As always, Passover and Easter are close on each others' heels, and conversations about keeping Kosher and fasting on Good Friday have hit the blogosphere right on schedule. Yet it seems this year nobody's actually doing any observing. It's a killer week in the semester--midterms to take, midterms to grade, degree qualifying exams, theses all but due. I have a friend who's intensely dieting and can't afford to cut anything more out of her daily caloric intake. Myself, I'm coming down with something and, while I'm abstaining from the chicken soup, I'm still going to stuff myself with everything else my body needs to fight off the ick.
My first reaction to all this would be to observe that fasting and keeping Kosher are ways of making us very aware of what we eat and grateful for it, and making us slow down and reflect on, to put it the clichéd way, the important things in life, putting everything else into perspective. What are we missing by saying that our diet, our schoolwork, our common colds, are excuses not to do these things? Aren't they those less-important-things-in-life that a day of fasting is supposed to remind us are less important to begin with? The ritual of fasting, like any other ritual (see sociologists Victor Turner and Mary Douglas), is supposed to change the state of our being in some way. We're refusing to be changed this year.

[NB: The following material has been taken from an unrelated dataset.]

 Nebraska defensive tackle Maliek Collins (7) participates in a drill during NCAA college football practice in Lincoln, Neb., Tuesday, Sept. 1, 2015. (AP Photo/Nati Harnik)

But on the other hand, the number of reflective conversations I've had with (myself and) other non-observers might indicate the contrary. We're all clearly thinking about fasting, food, tradition, reflection, and what's important in our lives. The awareness is still there, precisely because of the fact that we're making the decision to still eat leavened bread or food on Friday. Maybe in some way not participating in a ritual that we know exists is a ritual in itself.